[Start of section]
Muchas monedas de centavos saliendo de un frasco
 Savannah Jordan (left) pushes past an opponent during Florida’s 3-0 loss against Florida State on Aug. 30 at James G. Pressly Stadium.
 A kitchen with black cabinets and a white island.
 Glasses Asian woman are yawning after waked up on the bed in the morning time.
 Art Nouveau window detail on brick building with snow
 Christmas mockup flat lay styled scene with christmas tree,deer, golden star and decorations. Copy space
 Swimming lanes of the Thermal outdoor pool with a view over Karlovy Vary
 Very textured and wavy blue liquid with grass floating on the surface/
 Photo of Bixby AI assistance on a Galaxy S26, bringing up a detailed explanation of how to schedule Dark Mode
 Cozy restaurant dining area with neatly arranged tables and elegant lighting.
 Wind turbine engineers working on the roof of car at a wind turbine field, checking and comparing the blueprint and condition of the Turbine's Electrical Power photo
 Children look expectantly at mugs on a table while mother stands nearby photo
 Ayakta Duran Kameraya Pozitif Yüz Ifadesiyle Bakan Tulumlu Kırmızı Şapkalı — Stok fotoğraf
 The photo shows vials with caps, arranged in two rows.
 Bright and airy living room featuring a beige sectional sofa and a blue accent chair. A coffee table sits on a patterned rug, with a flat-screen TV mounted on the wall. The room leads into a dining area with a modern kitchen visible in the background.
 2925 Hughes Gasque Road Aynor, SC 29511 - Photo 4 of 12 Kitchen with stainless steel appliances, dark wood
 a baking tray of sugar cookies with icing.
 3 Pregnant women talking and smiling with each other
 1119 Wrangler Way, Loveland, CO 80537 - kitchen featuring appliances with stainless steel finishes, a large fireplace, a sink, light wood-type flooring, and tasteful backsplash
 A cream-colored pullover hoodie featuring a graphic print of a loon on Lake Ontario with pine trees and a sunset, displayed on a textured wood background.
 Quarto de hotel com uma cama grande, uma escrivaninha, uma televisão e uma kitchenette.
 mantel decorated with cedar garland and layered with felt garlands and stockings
[End of section]
DIRECTIONS → Every line above that includes the word "background" must appear in the answer.

SOLUTION TO THIS EXERCISE →
 Bright and airy living room featuring a beige sectional sofa and a blue accent chair. A coffee table sits on a patterned rug, with a flat-screen TV mounted on the wall. The room leads into a dining area with a modern kitchen visible in the background.
 A cream-colored pullover hoodie featuring a graphic print of a loon on Lake Ontario with pine trees and a sunset, displayed on a textured wood background.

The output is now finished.